Maybe this code (that should run on your machine) will confirm my confusion. The draws that are printed from the line print('gamma prior draws', gammas), which happens during training, do not properly represent the prior distribution they are drawn from. This is my confusion.

import numpyro
import numpyro.distributions as dist
from numpyro.infer import SVI, Trace_ELBO
from numpyro.infer.autoguide import AutoBNAFNormal
from numpyro.optim import Adam
import jax.numpy as jnp
import jax

def dummy_simulation(omegas, gammas): ## dummy simulation for purposes of sharing code
    return jnp.mean(omegas), jnp.mean(gammas)

def model():
    shape = (100, )

    gamma_prior = dist.Normal(-30, 5).expand(shape) ## prior on gamma is a normal distribution with mean -30 and std 5
    omega_prior = dist.Uniform(0, 1).expand(shape) ## prior on omega is a uniform distribution between 0 and 1
    
    gammas = numpyro.sample('gammas', gamma_prior)
    print('gamma prior draws', gammas) ### should be drawn from a normal distribution with mean -30 and std 5
    omegas = numpyro.sample('omegas', omega_prior)
    
    val_1, val_2 = dummy_simulation(omegas, gammas) ## simulation outputs two values
    
    loss_1 = (val_1 - 1.)**2 ## just a dummy loss
    loss_2 = (val_2 - 1.)**2 ## just a dummy loss

    total_loss = loss_1 + loss_2
    numpyro.factor("guide", -total_loss)

guide = AutoBNAFNormal(model, num_flows=1)
optimizer = Adam(step_size=1e-2)
svi = SVI(model, guide, optimizer, loss=Trace_ELBO())

best_loss, best_epoch, best_loss_counter = jnp.inf, 0, 0
losses = []
state = svi.init(jax.random.PRNGKey(0))

for i in tqdm(range(1000)):
    best_loss_counter += 1
    state, loss = svi.update(state)
    losses.append(loss)

here is an example output, which is not representative of a mean=-30 Gaussian.
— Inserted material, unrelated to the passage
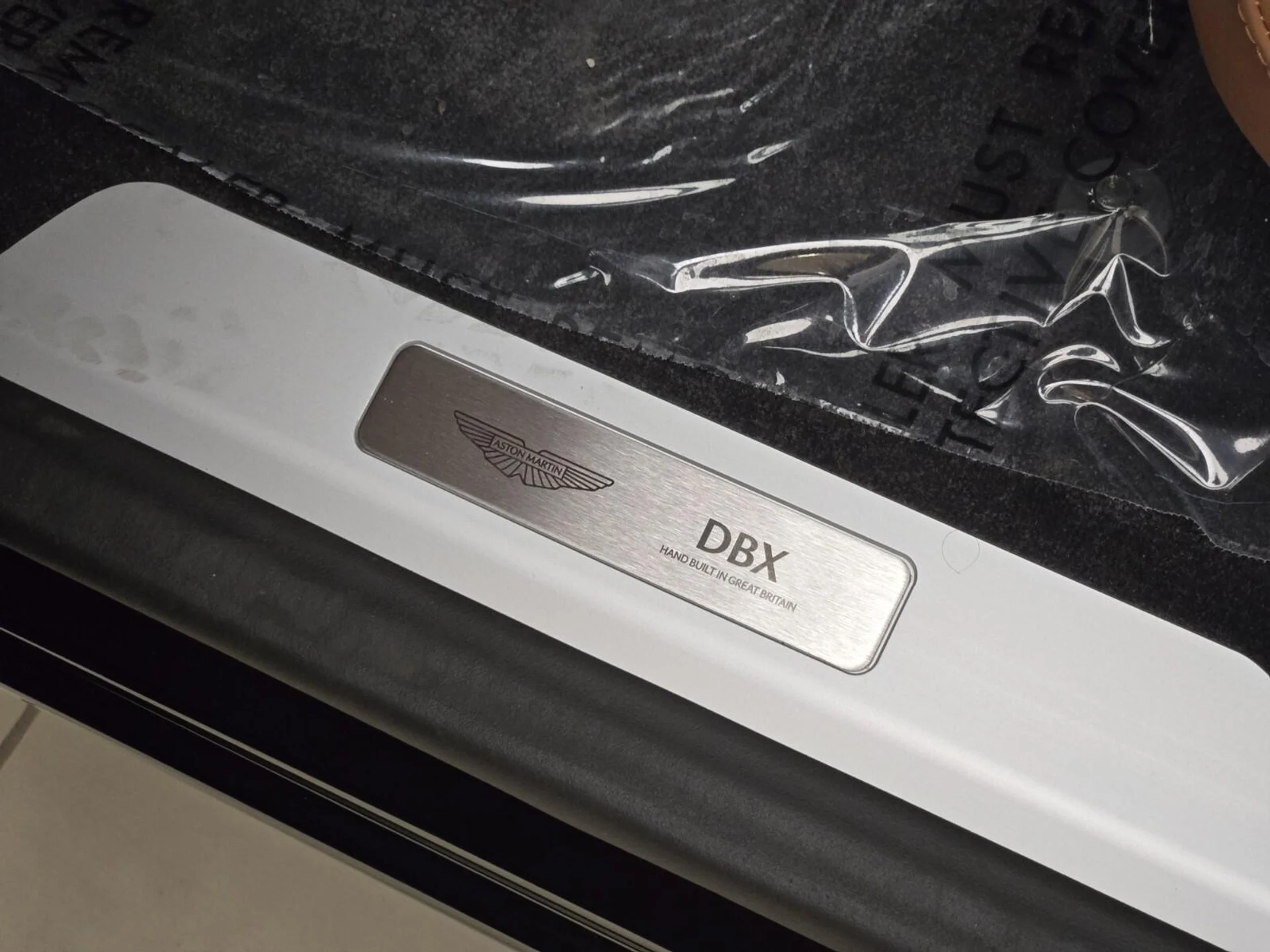 mph032_4078454487_New_2026_Aston_Martin_DBX_707_1761716909_31276c0601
I am trying to understand why this is happening.

gamma prior draws [-0.77792835 1.5513997 1.4689226 -0.8891797 1.6586142 1.8516874 -1.9143991 -1.3280873 1.602704 1.6196852 -0.48313093 0.60648584 -1.9278011 -1.5421586 1.147028 0.6957445 -0.24402332 1.9511538 -0.41310024 -1.3717875 0.5415411 0.9201145 -0.65974474 -0.60156584 -1.5836191 1.5495195 -1.9793987 -1.6504655 1.0285363 -0.7308345 -1.1712937 1.0799356 1.7527733 -1.7281809 0.89215994 0.4020362 1.6646938 1.8816423 -0.8738308 -1.3663263 1.8639073 -0.3134818 -1.0524917 -1.5728779 1.146738 0.73643875 1.1724048 0.6571684 0.0166111 -1.9081511 -0.19199896 0.73003006 0.2905984 -0.97260857 0.34668446 0.18595839 1.1871386 -0.49424887 1.9507704 -0.7336378 1.2888699 0.49221563 0.03837824 -1.2219481 0.8104315 -0.49491262 -1.0660887 -1.9435906 -0.10712671 0.46022224 1.276413 0.6822219 0.20741844 1.5192184 -0.01124239 0.7681494 1.4568133 -1.1505575 -0.07627535 0.5596223 1.6404142 0.7693238 -1.031949 -1.2256227 1.0243969 0.43393898 -0.20942831 1.5414958 -0.530324 -0.5331273 0.9794178 1.8405337 0.54413795 1.334086 -0.2682891 -0.1226387 -0.71883917 0.75752306 -0.5270543 1.14258 ]

Sorry for the bother. Hopefully this helps clarify what I’m asking.

martinjankowiak · September 28, 2023, 1:46am

this is because SVI maximizes the ELBO which is an expectation w.r.t. to the guide=variational distribution, i.e. you’re seeing the model executed w.r.t. samples form the guide. e.g. see this tutorial.